PROBLEM TO SOLVE> Return each entry word for word. Leave the images out.

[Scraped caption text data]
┌──
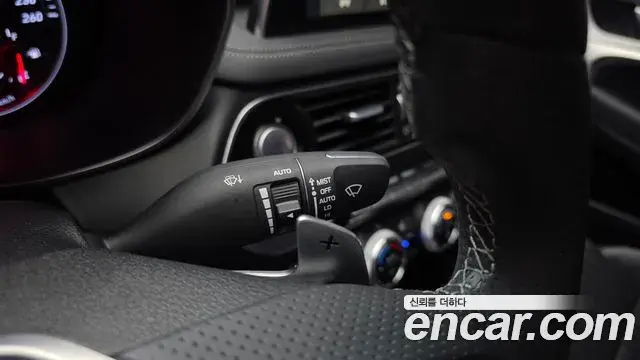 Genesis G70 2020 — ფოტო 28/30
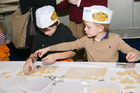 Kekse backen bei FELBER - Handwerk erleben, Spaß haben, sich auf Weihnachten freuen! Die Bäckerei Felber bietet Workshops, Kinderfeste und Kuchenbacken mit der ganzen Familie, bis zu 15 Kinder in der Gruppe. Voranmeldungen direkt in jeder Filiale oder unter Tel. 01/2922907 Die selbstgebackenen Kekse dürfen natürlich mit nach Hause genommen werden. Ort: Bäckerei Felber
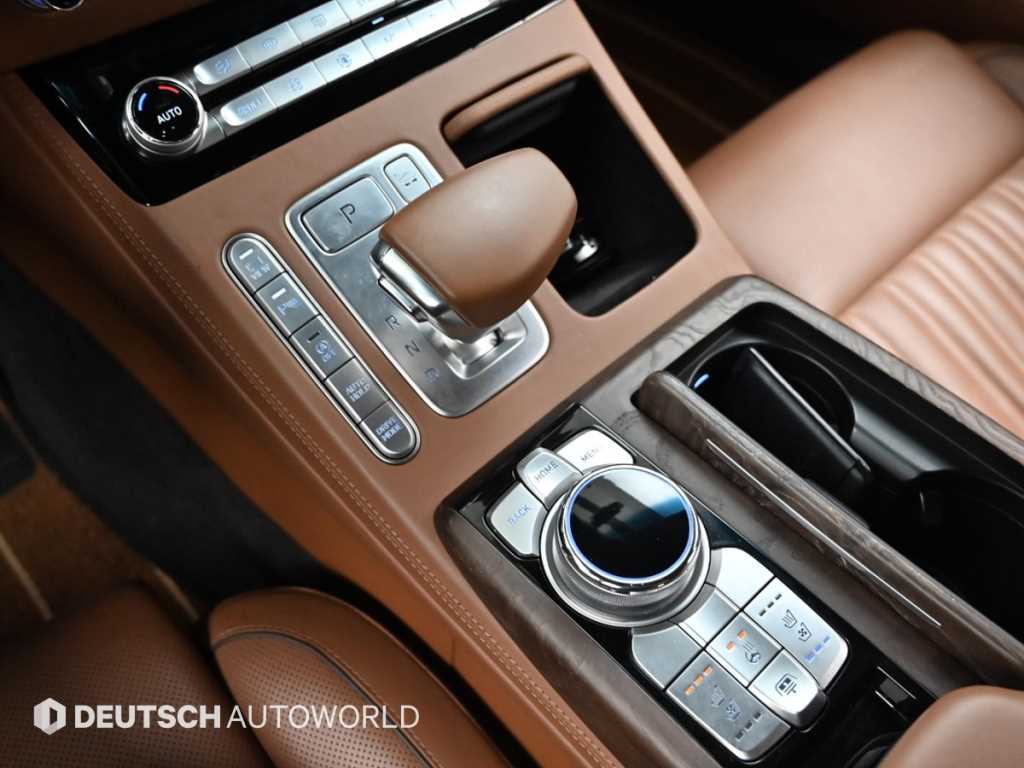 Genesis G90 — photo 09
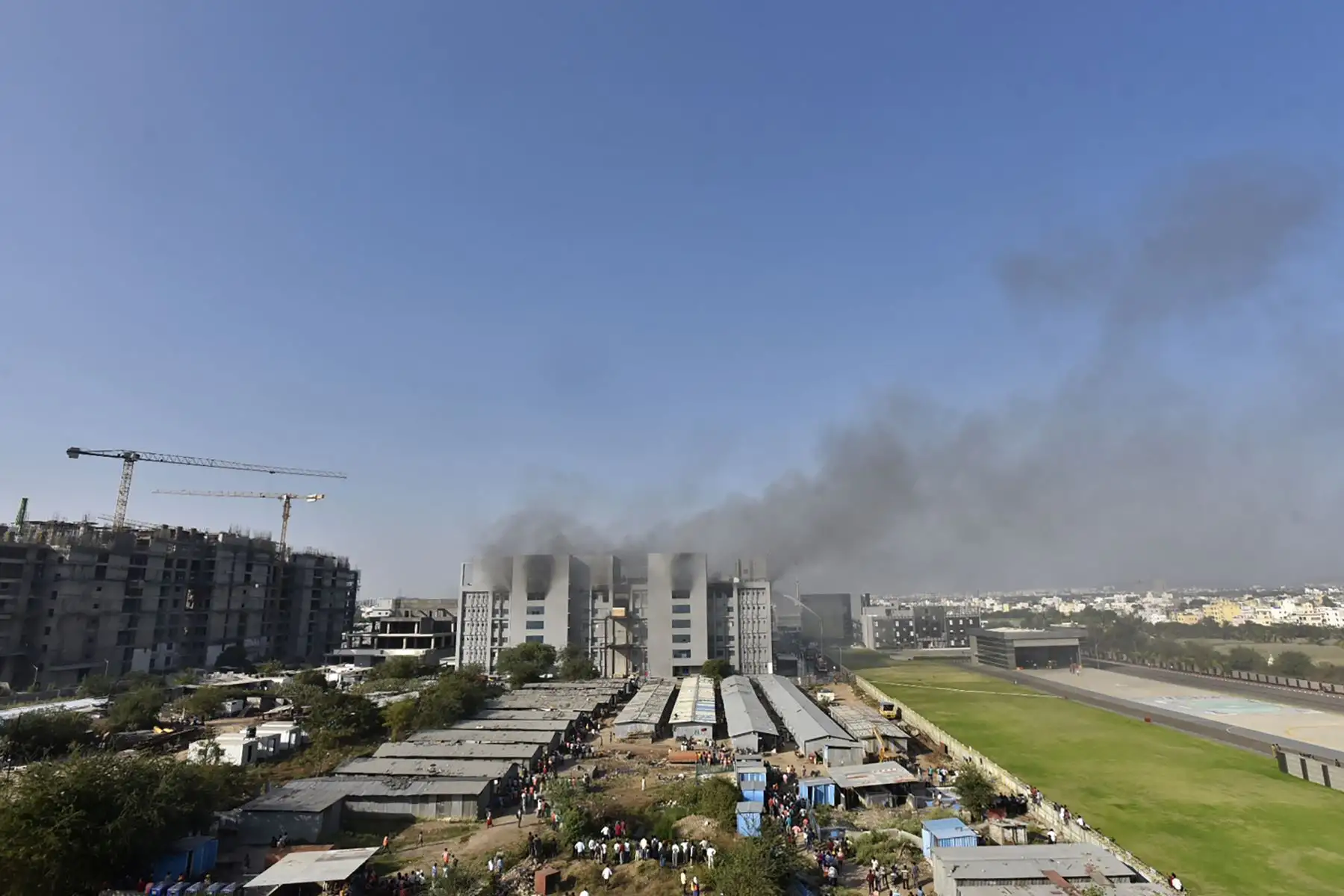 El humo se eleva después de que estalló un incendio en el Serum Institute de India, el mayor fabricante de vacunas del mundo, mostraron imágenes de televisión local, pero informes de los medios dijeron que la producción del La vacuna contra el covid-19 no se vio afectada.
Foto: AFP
└──
ANSWER FOR THIS EXERCISE>
 Genesis G70 2020 — ფოტო 28/30
 Kekse backen bei FELBER - Handwerk erleben, Spaß haben, sich auf Weihnachten freuen! Die Bäckerei Felber bietet Workshops, Kinderfeste und Kuchenbacken mit der ganzen Familie, bis zu 15 Kinder in der Gruppe. Voranmeldungen direkt in jeder Filiale oder unter Tel. 01/2922907 Die selbstgebackenen Kekse dürfen natürlich mit nach Hause genommen werden. Ort: Bäckerei Felber
 Genesis G90 — photo 09
 El humo se eleva después de que estalló un incendio en el Serum Institute de India, el mayor fabricante de vacunas del mundo, mostraron imágenes de televisión local, pero informes de los medios dijeron que la producción del La vacuna contra el covid-19 no se vio afectada.
Foto: AFP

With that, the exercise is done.